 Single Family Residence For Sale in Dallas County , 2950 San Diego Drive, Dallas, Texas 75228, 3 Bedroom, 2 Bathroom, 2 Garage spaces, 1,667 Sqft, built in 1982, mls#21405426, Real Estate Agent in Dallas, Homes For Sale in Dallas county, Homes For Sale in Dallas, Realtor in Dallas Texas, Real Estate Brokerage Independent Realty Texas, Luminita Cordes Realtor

**********

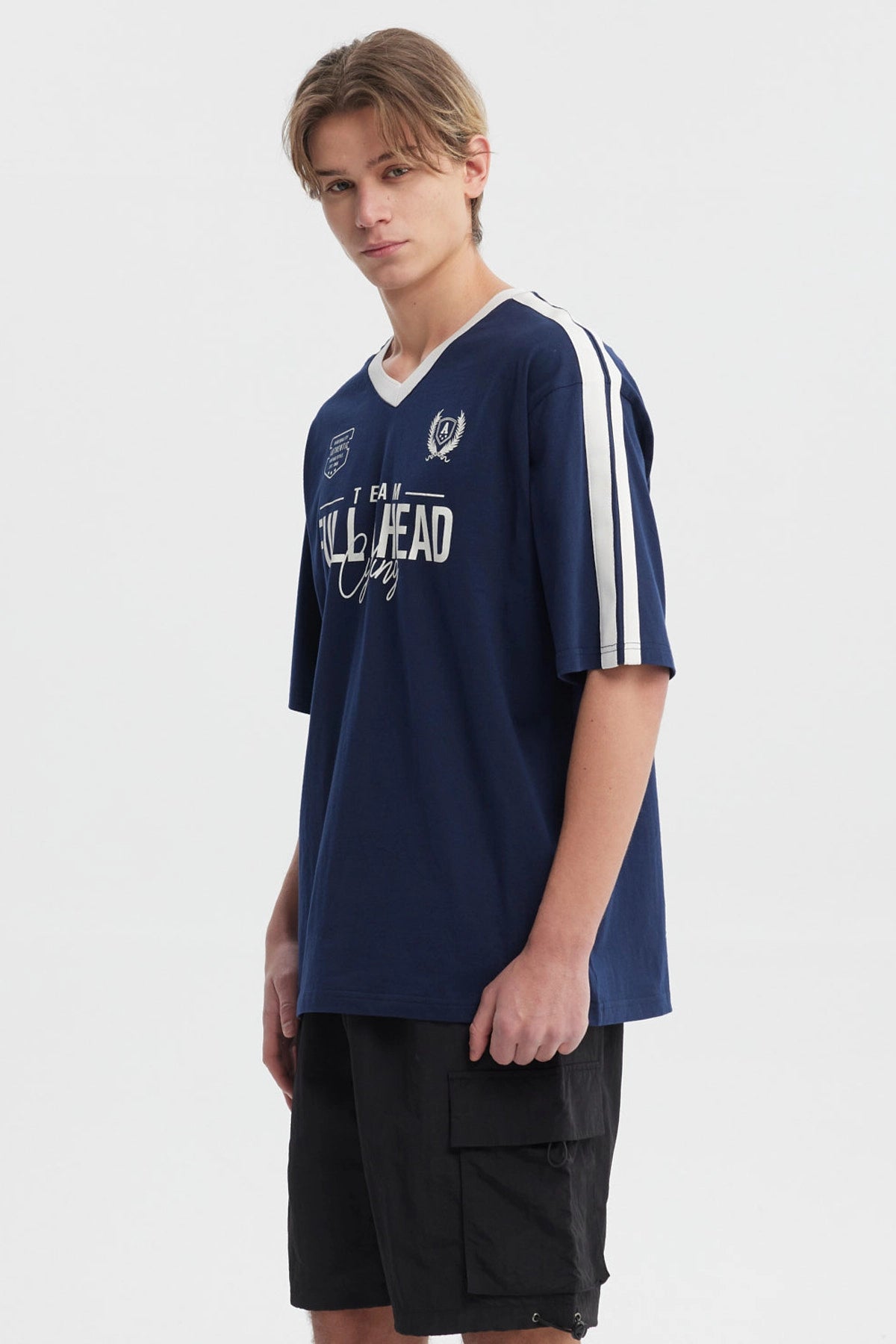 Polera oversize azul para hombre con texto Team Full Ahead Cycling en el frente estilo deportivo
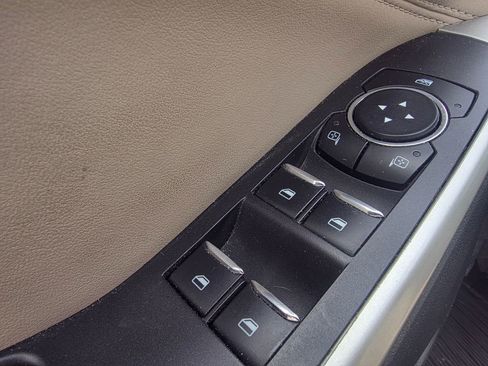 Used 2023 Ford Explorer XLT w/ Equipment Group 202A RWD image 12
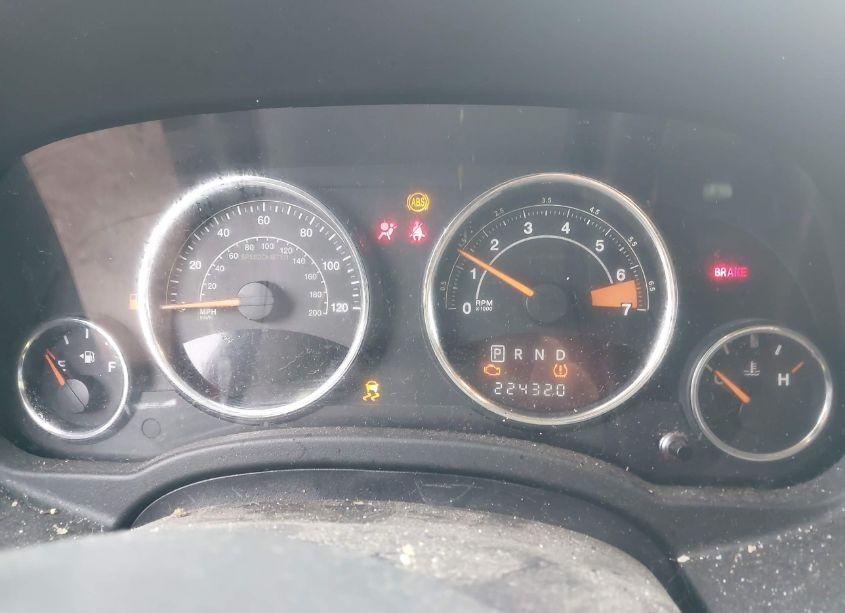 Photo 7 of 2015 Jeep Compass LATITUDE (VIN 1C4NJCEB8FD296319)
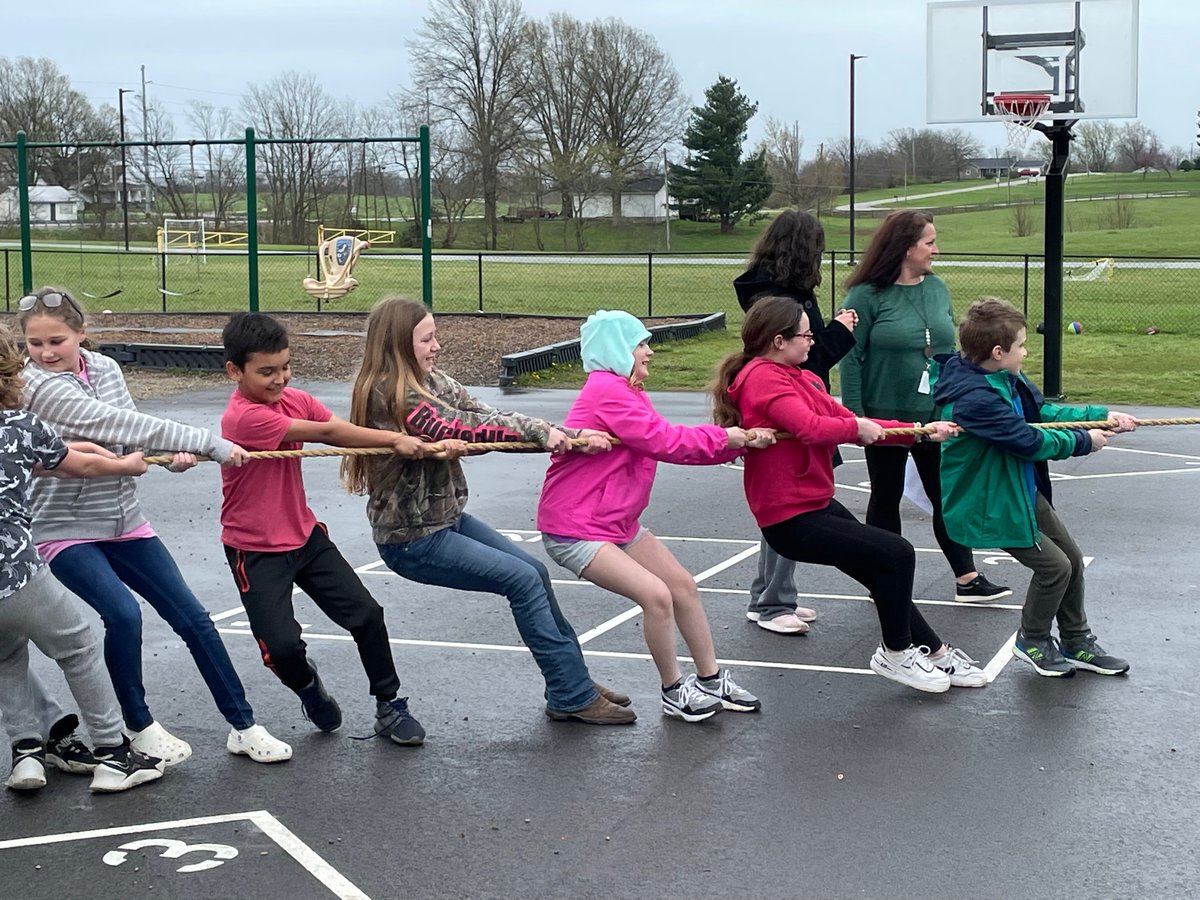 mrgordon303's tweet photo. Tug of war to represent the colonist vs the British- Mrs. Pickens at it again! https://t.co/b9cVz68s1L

**********

● **Requirement**: For the material above, give again only the lines starting at the line that contains "Photo 7 of 2015" and ending at the line that contains "mrgordon303's tweet photo.". Pictures do not belong in the copy.

● **Solution to the exercise**:
 Photo 7 of 2015 Jeep Compass LATITUDE (VIN 1C4NJCEB8FD296319)
 mrgordon303's tweet photo. Tug of war to represent the colonist vs the British- Mrs. Pickens at it again! https://t.co/b9cVz68s1L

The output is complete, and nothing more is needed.